### Task objective:
In full and without alteration, print the records below, minus any images.
┄┄┄┄┄┄┄┄┄┄┄┄┄┄┄┄┄┄┄┄
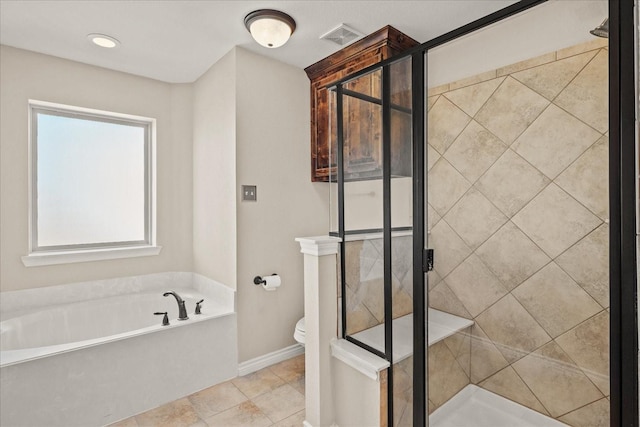 bathroom with separate shower and tub and toilet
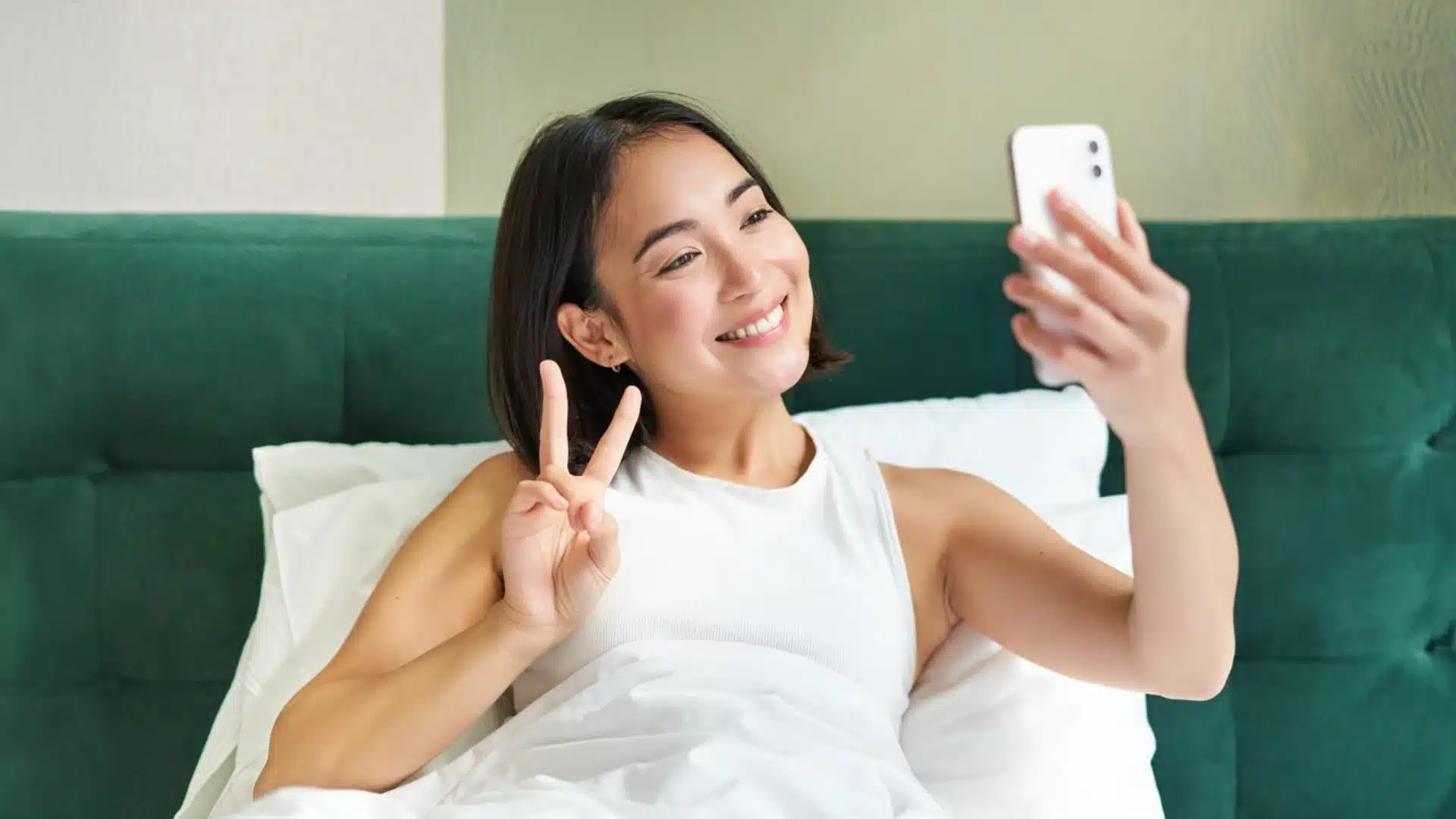 Smiling woman in bed taking selfie with peace sign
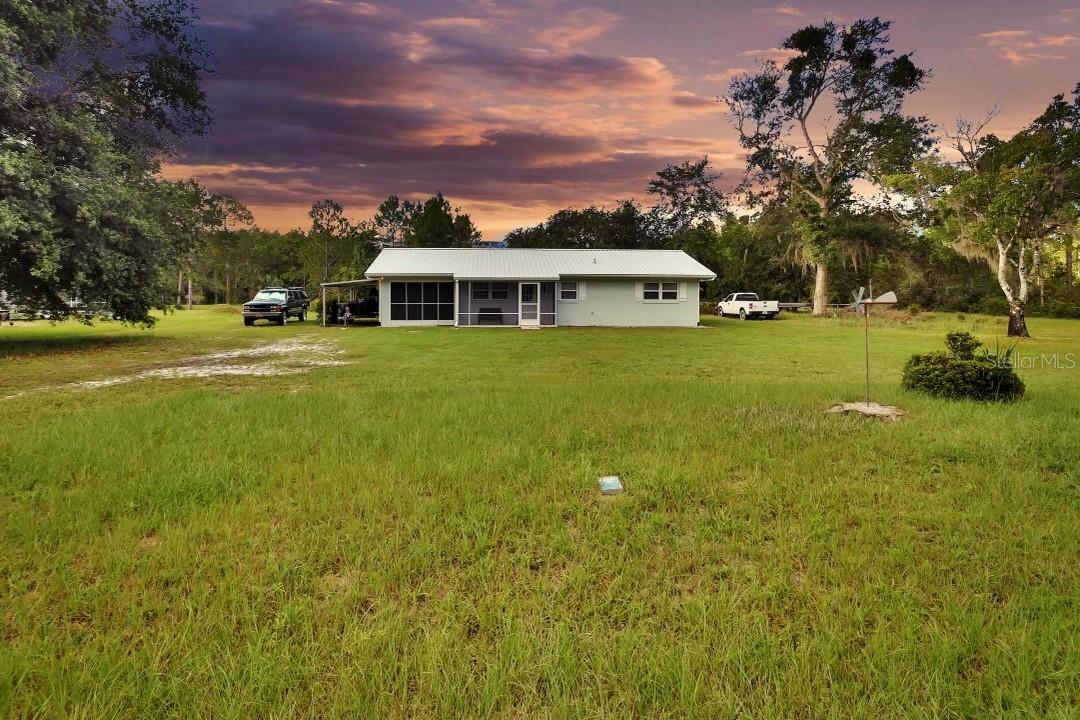 Outdoor lovers' paradise! Sitting on over half of an acre this PRISTINE 3-bedroom 2 bath home is on Blue Creek canal with access to the lake and river. The recently remodeled interior features include ceiling fans, updated bathrooms with upgrades, dining room, living room and Florida room/office. With two screened porches you can sit outside and enjoy the peace and quiet of the Ocala National Forest. This is a highly sought after neighborhood and puts you on the water for a fraction of the cost and high taxes of neighboring counties. There are so many activities for this area which include trails for hiking and mountain biking, horseback riding, hunting and fishing and exploration of the forest, Photography buffs will appreciate the scenic surrounds as well. Exterior perks include brand new metal roof, new A/C unit, commercial grade water heater, a whole house dehumidifying system, interior laundry room and more. The craftmanship of this home is evident in all the details. There is so much more but don't take our word for it, see for yourself and make your appointment today. This is truly a one-of-a-kind home that puts you where many wish to be. With water access you can spend the days boating and fishing. This is a perfect hunting lodge for out of towners or fishing enthusiasts. This home is limited only by your imagination. NO HOA. No flood claims filed by current owner. BRING ALL OFFERS!
*All descriptions, measurements and ALL zoning to be verified by Buyer and Buyes agent.
Zoning may allow horses. Call Lake county for information regarding zoning and flood maps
┄┄┄┄┄┄┄┄┄┄┄┄┄┄┄┄┄┄┄┄
### Task solution:
 bathroom with separate shower and tub and toilet
 Smiling woman in bed taking selfie with peace sign
 Outdoor lovers' paradise! Sitting on over half of an acre this PRISTINE 3-bedroom 2 bath home is on Blue Creek canal with access to the lake and river. The recently remodeled interior features include ceiling fans, updated bathrooms with upgrades, dining room, living room and Florida room/office. With two screened porches you can sit outside and enjoy the peace and quiet of the Ocala National Forest. This is a highly sought after neighborhood and puts you on the water for a fraction of the cost and high taxes of neighboring counties. There are so many activities for this area which include trails for hiking and mountain biking, horseback riding, hunting and fishing and exploration of the forest, Photography buffs will appreciate the scenic surrounds as well. Exterior perks include brand new metal roof, new A/C unit, commercial grade water heater, a whole house dehumidifying system, interior laundry room and more. The craftmanship of this home is evident in all the details. There is so much more but don't take our word for it, see for yourself and make your appointment today. This is truly a one-of-a-kind home that puts you where many wish to be. With water access you can spend the days boating and fishing. This is a perfect hunting lodge for out of towners or fishing enthusiasts. This home is limited only by your imagination. NO HOA. No flood claims filed by current owner. BRING ALL OFFERS!
*All descriptions, measurements and ALL zoning to be verified by Buyer and Buyes agent.
Zoning may allow horses. Call Lake county for information regarding zoning and flood maps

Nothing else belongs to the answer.